Barclays Bank has written £50m off the value of its Parisian headquarters building, leaving the property worth just a third of its 1990 value. However, the deepening losses on its troubled French property operations failed to take the shine off the bank’s £1bn half-year profits this week, writes Karen Lennox.

Last year the bank made an exceptional provision of £70m against the same property in rue Lafitte, between Boulevard Hausmann and rue La Fayette in the financial 9th arrondissement.

Barclays moved into the 25,000m2 (269,107 sq ft) property in 1990 after acquiring the L’Europeenne de Banque subsidiary of Credit Commerciale de France which owned the property. The write-downs in two successive years mean that it is worth just a third of the FFr1.5bn “at cost” figure at which it appears in the balance sheet.

The bank had only a little more luck with its former HQ at 33 rue du Quatre Septembre, which it left in 1990 to move into the rue Lafitte property: the building, acquired in 1918, was sold to French insurer UAP in 1993 for £39m – estimated to be just 40% of the price that it would have achieved at the peak of the market, two years before.

Barclays is continuing to slim down its French operations. Including the write-down on the operational property, bad debt provisions and costs of restructuring, these plunged £203m into the red in the six months to March.

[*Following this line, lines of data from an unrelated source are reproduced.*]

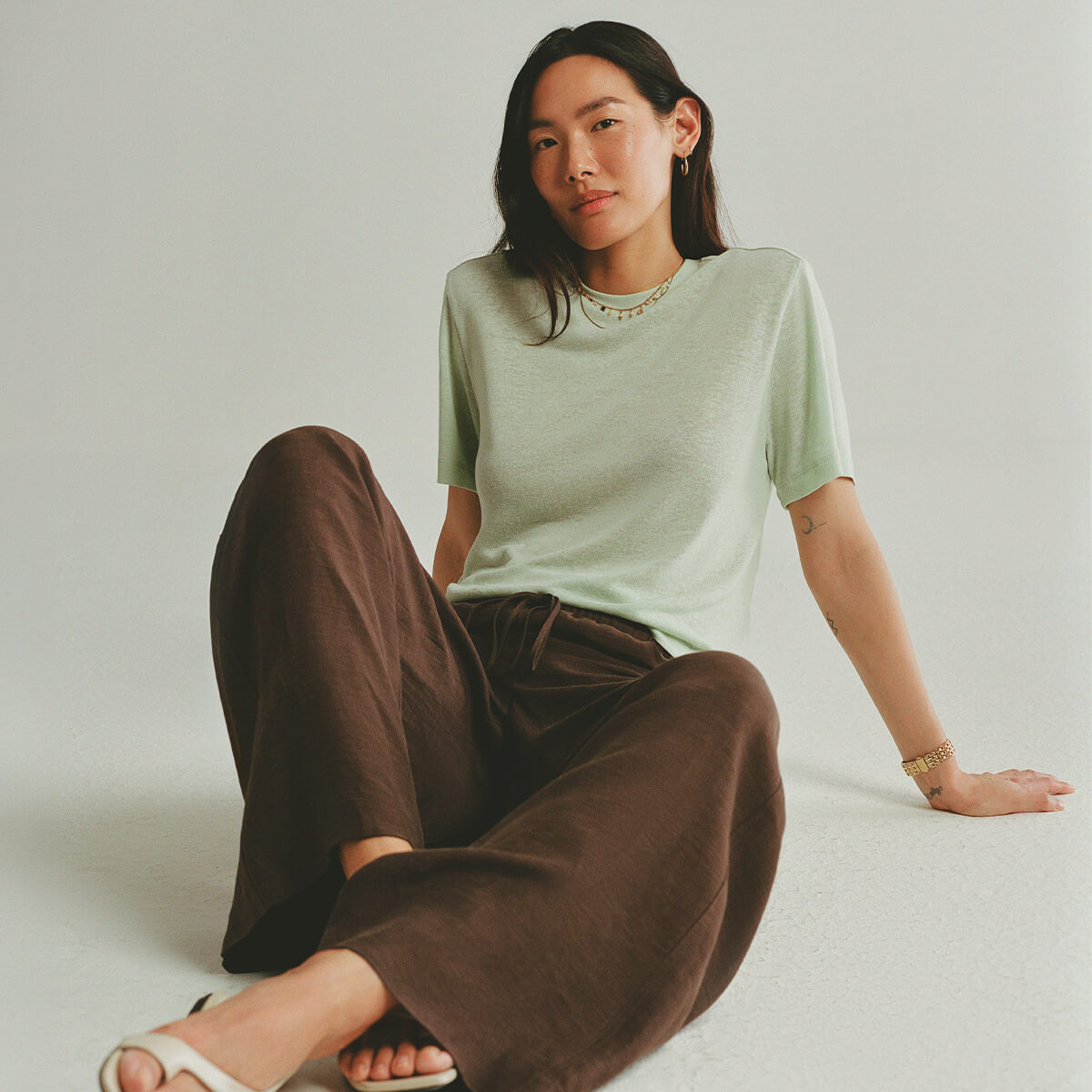 Person wearing a light green t-shirt and brown pants sitting on a plain background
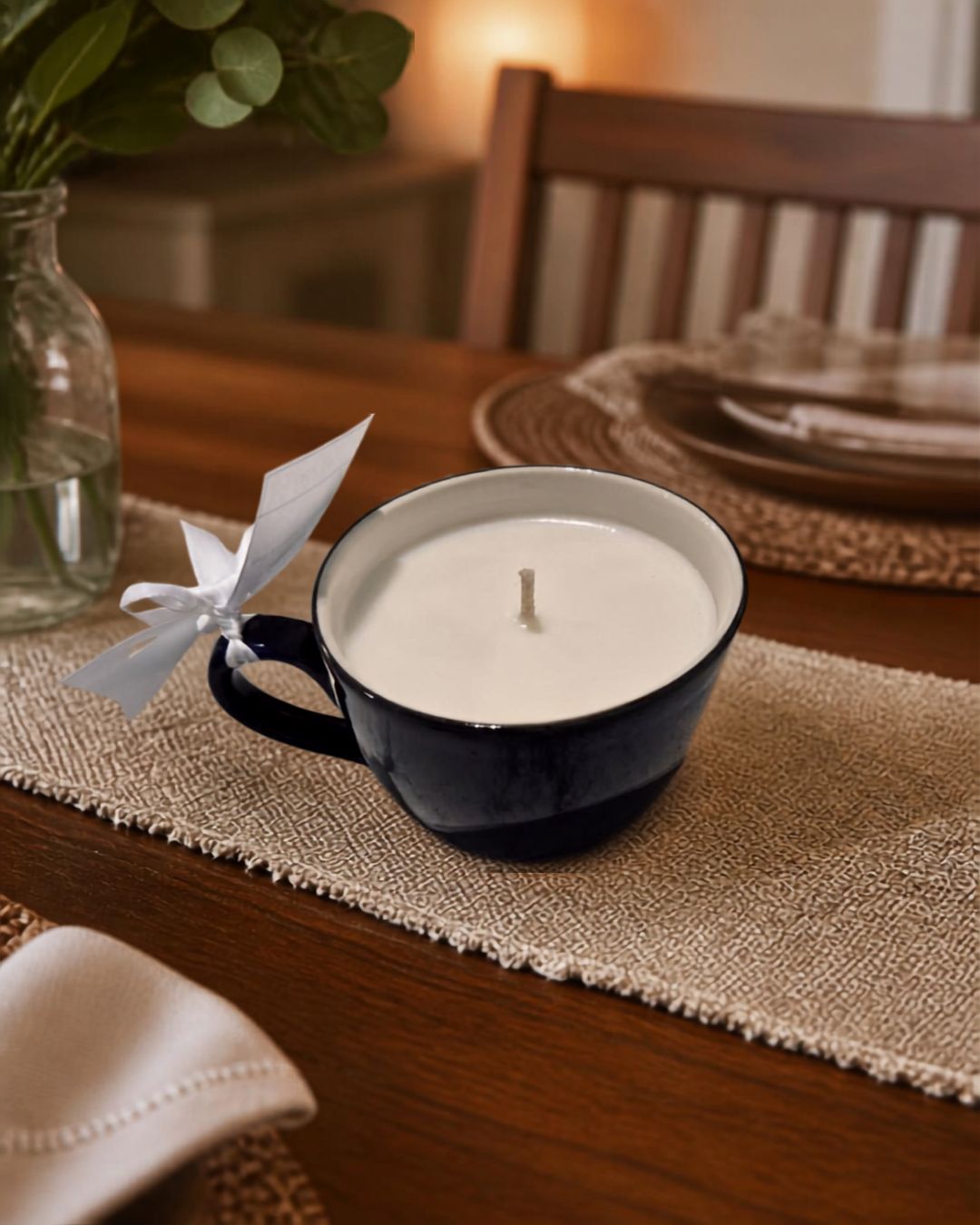 A navy blue ceramic mug candle with white wax sits on a woven beige placemat on a wooden dining table. A white paper airplane is tied to the handle, and a blurred wooden chair, plates, and a glass vase with greenery are in the background.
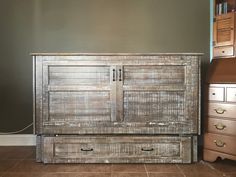 an old wooden cabinet sitting on top of a tile floor next to a dresser with drawers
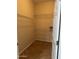 Walk-in closet includes wire shelving, tile flooring, and a neutral color scheme at 14575 W Mountain View Blvd # 11313, Surprise, AZ 85374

The bank is also dismantling its regional office network and gearing down its property lending business in France. It has also decided to cut its losses and sell the £200m (FFr1.5bn) commercial property book built up during the 1980s, largely through syndicated loans. Bankers Trust is believed to have been appointed to find a buyer for the portfolio, which ranges from central Parisian offices to residential properties in the south of France.